Eine der größten Stärken des Buches besteht darin, dass der Autor es versteht zu informieren, indem er erzählt: von seiner Liebe zu Hirschkäfern in seiner eigenen Kindheit (S. 33), der Rettung von zwei Lämmern durch Franz von Assisi (S. 36 f.), von den Sorgen der Bewohnerinnen und Bewohner einer durch Überflutung bedrohten Südseeinsel (S. 54 f.) oder von haitianischen Mädchen und Jungen, die Kuchen aus Schlamm, Salz und Margarine backen und verkaufen (S. 63). So können sich Kinder ab der zweiten oder dritten Klassenstufe gut auf Gaisbauers Texte einlassen, ohne beim Lesen das Interesse zu verlieren oder zu ermüden.
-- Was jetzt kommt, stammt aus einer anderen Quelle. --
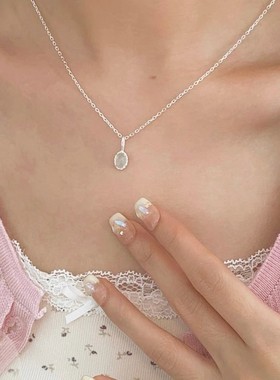 999纯银白玉髓项链女款2025年新款高级感小众百搭吊坠母亲节礼物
Einzig die Schrift könnte etwas größer sein. Sehr gut wird die Botschaft des Buches auch von den bemerkenswert schönen Illustrationen von Leonora Leitl unterstützt, besonders durch ihre detailgetreue und farbenfrohe Darstellung von Pflanzen und Tieren (z.B. S. 23, 40 und 67).
Die Informationstexte Wer – Was – Wann? sind für eher ältere Kinder geschrieben, die Genaueres über Franz von Assisi und Papst Franziskus erfahren möchten. Hierbei wird auch offensichtlich, dass gerade der einfache Lebensstil des Heiligen, seine Dankbarkeit für die Schöpfung und seine unermüdliche Hinwendung zu den Armen den jetzigen Papst entscheidend dazu bewogen haben, sich nach ihm zu benennen.
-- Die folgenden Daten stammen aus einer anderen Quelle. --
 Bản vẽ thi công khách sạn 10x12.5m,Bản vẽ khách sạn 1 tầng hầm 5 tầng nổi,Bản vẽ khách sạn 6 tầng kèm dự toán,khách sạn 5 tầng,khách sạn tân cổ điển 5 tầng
In diesem Zusammenhang macht der Autor deutlich: Gerade für die Bewahrung der Schöpfung brauchen Kinder tatkräftige und glaubwürdige Vorbilder, welche teilweise selbst noch jung sind, wie die inzwischen 16-jährige Olivia Bouler aus Kanada, die sich seit der Ölpest im Golf von Mexiko 2010 engagiert für den Vogelschutz einsetzt (S. 41 f.). Gleichzeitig bedarf es aber auch einer vertrauensvollen Gelassenheit. Beides wird abschließend durch Zitate aus dem Gebet betont, mit welchem Papst Franziskus sein Rundschreiben beschließt (S. 101).
Der Versuch einer Elementarisierung des päpstlichen Rundschreibens „Laudato si“ auf die Lebenswelt der Kinder kann abschließend als durchweg gelungen gelten. Allerdings wird die Notwendigkeit auch struktureller Veränderungen nur andeutungsweise vermittelt, was sicherlich aber auch dem Alter von Dritt- und Viertklässlern geschuldet ist.
Es wäre ein bedenkens- und lohnenswertes Unterfangen, Ähnliches auch bei künftigen päpstlichen Rundschreiben zu erproben, etwa zu den Themen Familie, Gerechtigkeit oder Frieden.
Josef Gottschlich
Das Buch ist in der Mediathek Freiburg und vielen der 16 Religionspädagogischen Medienstellen des Erzbistums entleihbar.